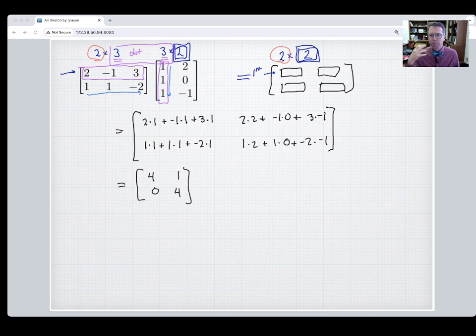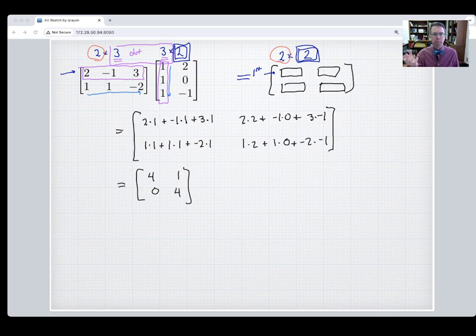That should be enough for you to start practicing calculating the products of matrices.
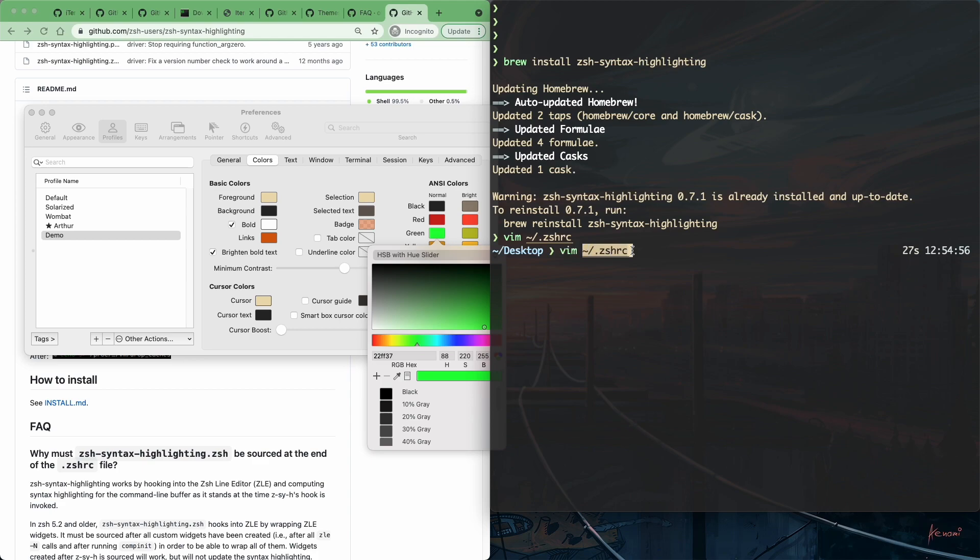So this is how you can take your terminal appearance to the next level. I hope you found this video useful. If you did, give it a like and share it. If you have any questions or suggestions, please leave a comment below and I'll definitely get back to you. Thanks for watching and I'll see you in the next one.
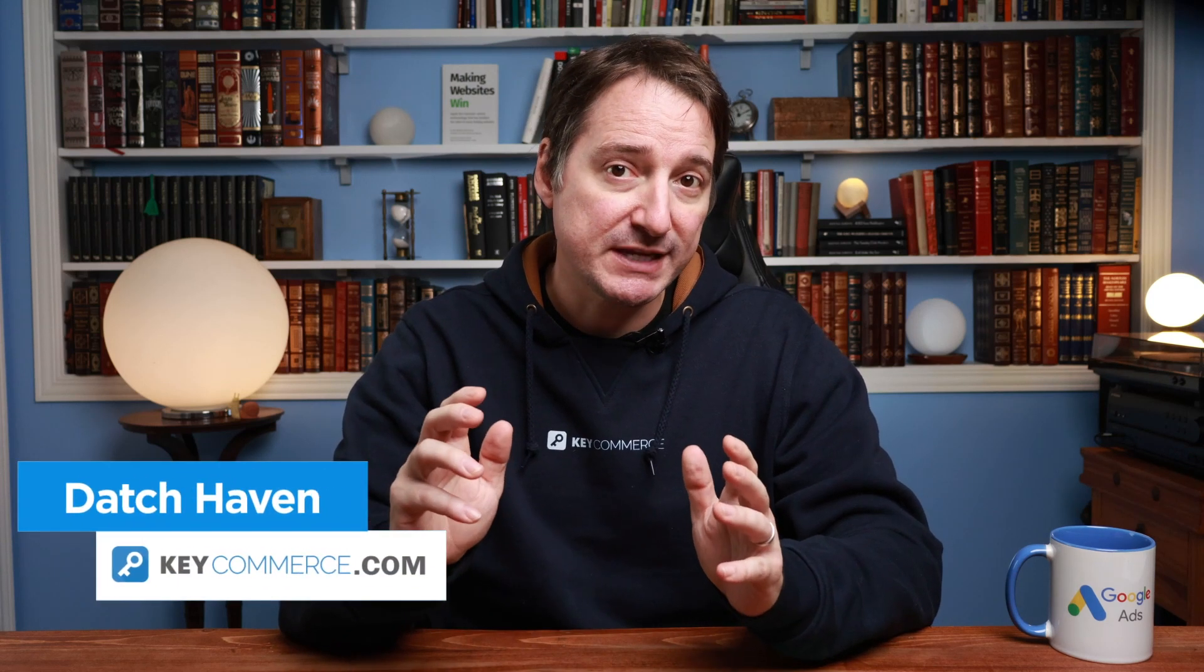Today I'm going to take you through setting up shipping and returns in Google Merchant Center. There are two ways to add shipping information: you can add the info through the product feed or directly into Google Merchant Center.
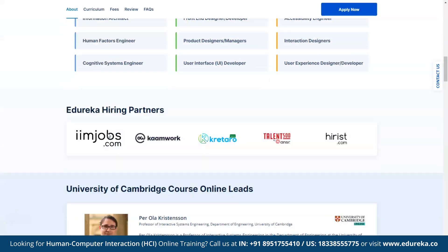Professor Perola Christensen heads up the University of Cambridge course online. He is a professor of interactive systems engineering in the Department of Engineering at the University of Cambridge and a fellow of Trinity College Cambridge. For more information on the course lessons and the skills covered, please see the course link provided in the description box below.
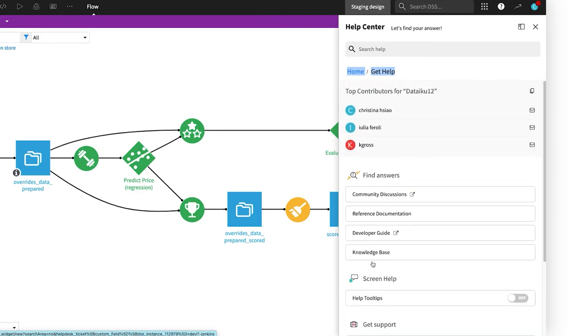The Get Help menu also displays the top contributors for each project, so you know who to reach out to for additional context, if needed.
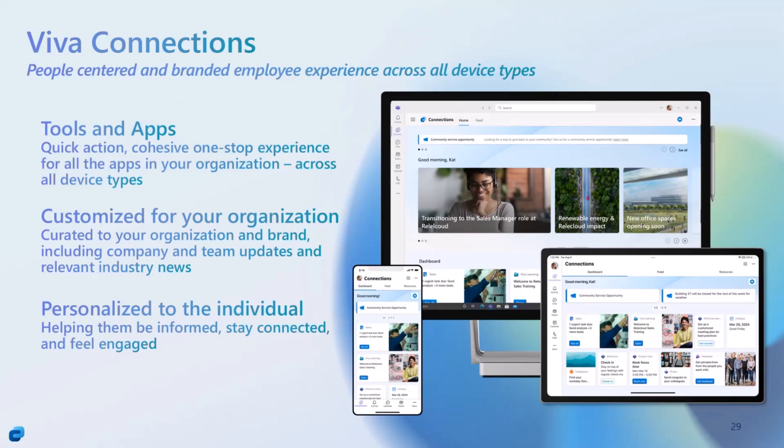That means you can actually target the relevant cards and relevant functionalities based on the roles and individuals who are accessing the application. A lot of opportunities there.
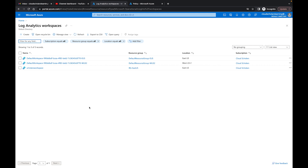Hey, what's going on Cloud Scholars! I hope everyone out there is having a grand day. My name is Kieran Tross and I'm here with another video. What we are working on today is Part Three, and this is sending data to your workspace using data collection rules.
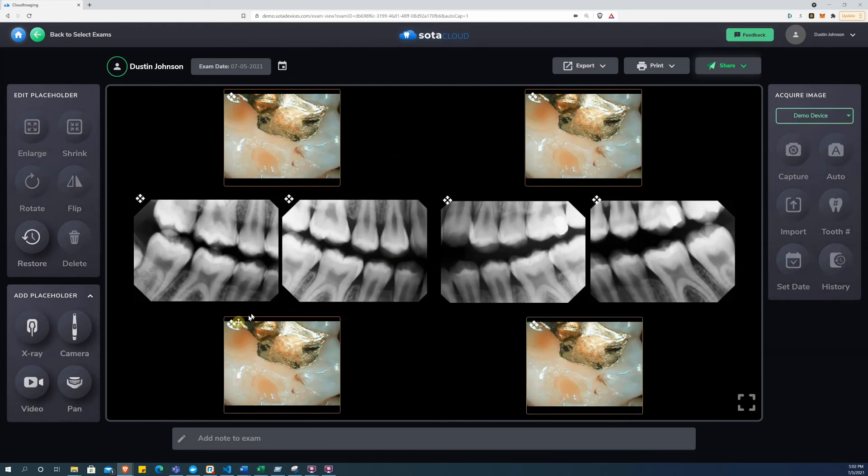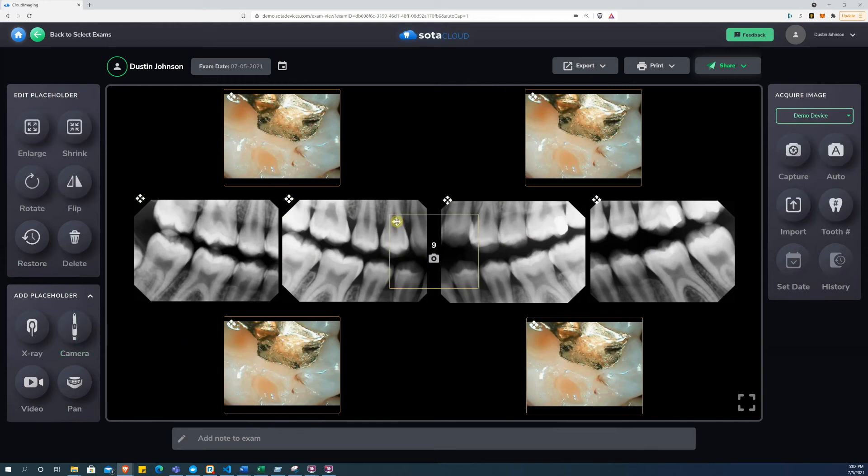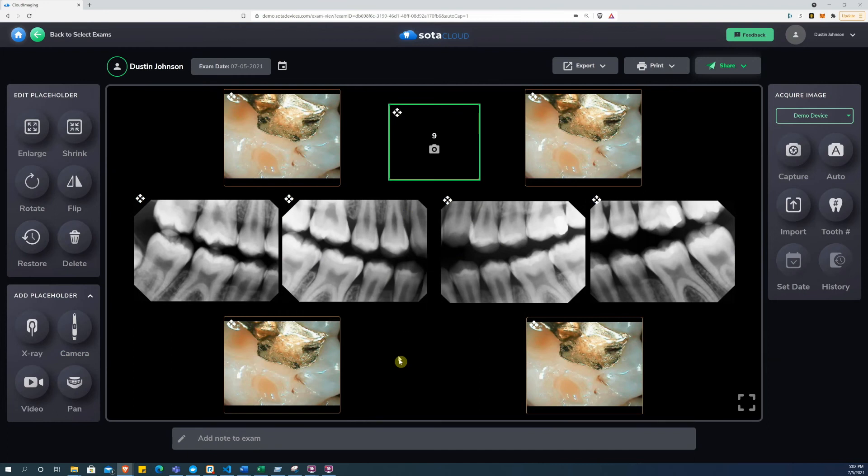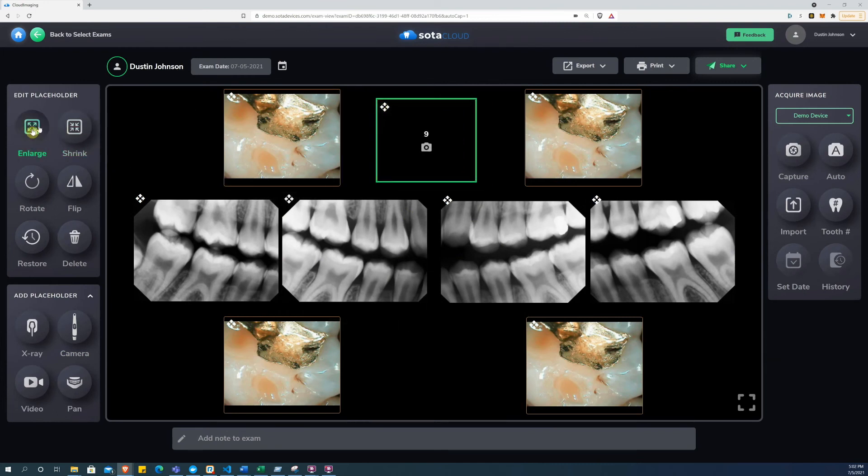For example, to add another camera placeholder, I can click the camera button and then position it in the exam where I want it to be. I can also enlarge and shrink as necessary to make it fit in with the rest of the layout.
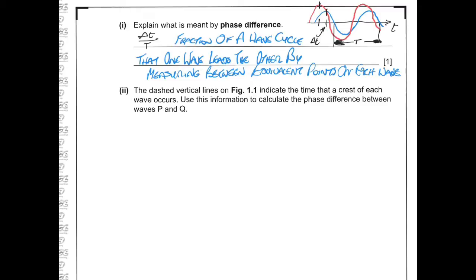So it's the fraction of a wave cycle that one wave leads the other by, and we want to be specific and say that we're measuring between equivalent points on each wave.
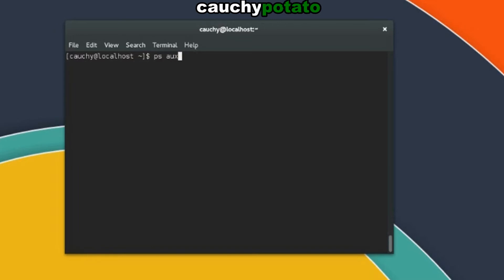ps aux, pipe symbol, head, dash n for lines option, 15 lines, pipe symbol again, grep, searching for the string helper.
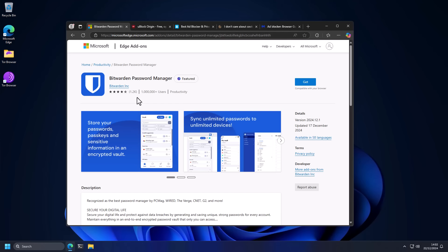So in this video, we're going to cover some browser extensions I use all the time as a security researcher, and I think everyone should. These are essential tools that you can download for free to make your time on the internet just so much better.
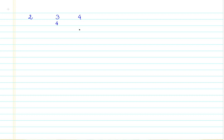If I have a number 3, number 4 becomes a successor and number 2 becomes a predecessor. Same way, if I have a number 4, number 5 becomes a successor and number 3 becomes a predecessor.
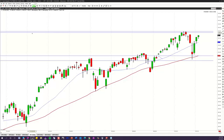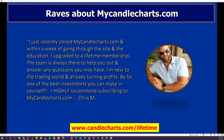We do this twice a week on our strategy session, and on our daily recap we look at the Dow, S&P, Nasdaq, gold, Bitcoin, and major currencies. Take advantage of the time-sensitive bonus Paul was telling you about. Here's the link — thank you so much for joining me, and I look forward to working with you at MyCandleCharts.com. Have a great day.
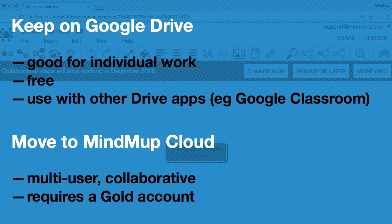MindMup Cloud Storage is designed for collaboration. Changes to your maps are sent immediately to the cloud, so you do not have to manually save anything, and anyone viewing the map while you edit it will see the updates in seconds. It's perfectly safe for several users to modify the map at the same time. Saving a map to MindMup Cloud also makes it possible to collaborate with people who do not have Google accounts.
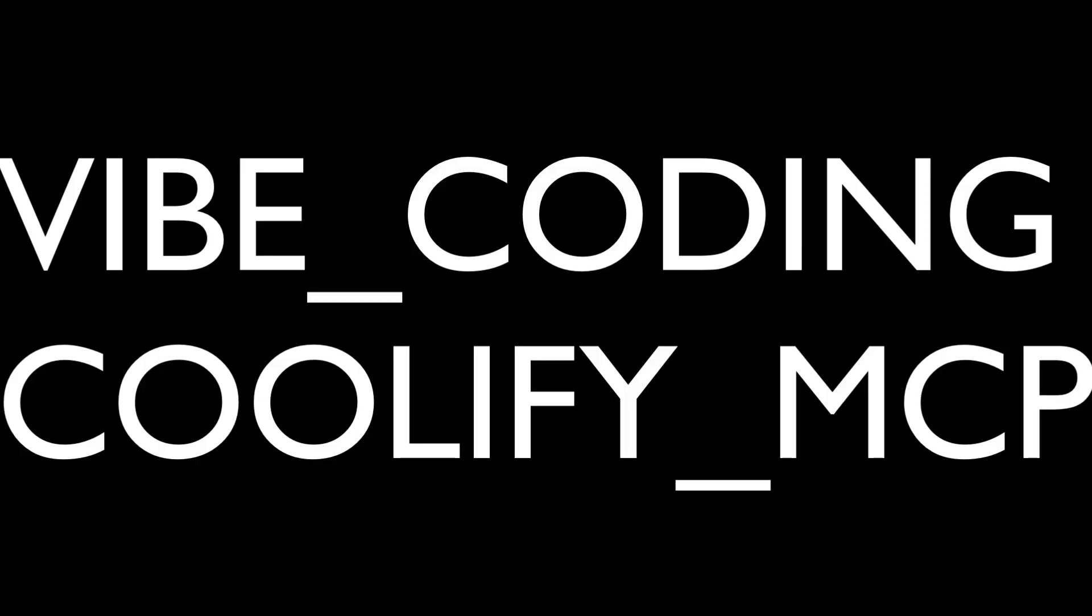Hi, I'm Stu Mason and I'm going to show you in this video how I'm making a model context protocol server, MCP server, in Cursor.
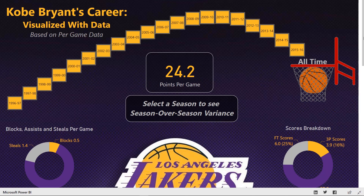What we're looking at today is a report of a statistical analysis on some NBA players. This type of report can be customized for any individual player, team, group of players, or even all players, but today specifically we are looking at Kobe Bryant.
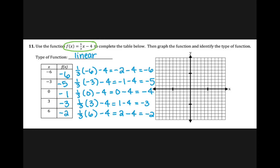Now I'm going to take all of these points and graph them. I have negative six, negative six — so I'm moving to the left six and down six. Then negative three, negative five — moving to the left three and down five.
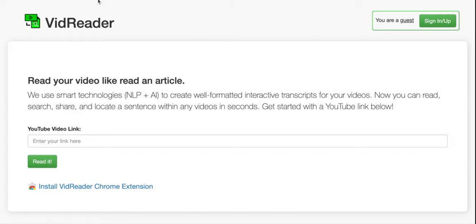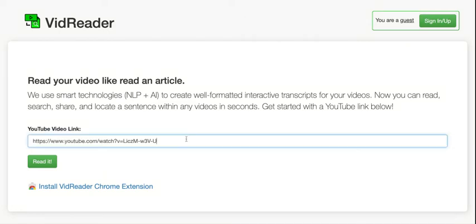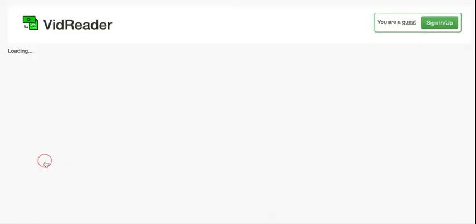For example, if I wanted to look up a video on pollination to show to my class, and I found this one called Pollination Trading Food for Fertilization, I would simply copy the link on the YouTube website, go to Vidreader's website, paste the link, and hit read it.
· · · · ·
**What is being asked**
In the records above, copy exactly everything from the line that has "So it's the" down to the line that has "If I have a number 3, number", both ends included, and leave out the pictures.

**Completed task**
So it's the fraction of a wave cycle that one wave leads the other by, and we want to be specific and say that we're measuring between equivalent points on each wave.
ps aux, pipe symbol, head, dash n for lines option, 15 lines, pipe symbol again, grep, searching for the string helper.
So in this video, we're going to cover some browser extensions I use all the time as a security researcher, and I think everyone should. These are essential tools that you can download for free to make your time on the internet just so much better.
If I have a number 3, number 4 becomes a successor and number 2 becomes a predecessor. Same way, if I have a number 4, number 5 becomes a successor and number 3 becomes a predecessor.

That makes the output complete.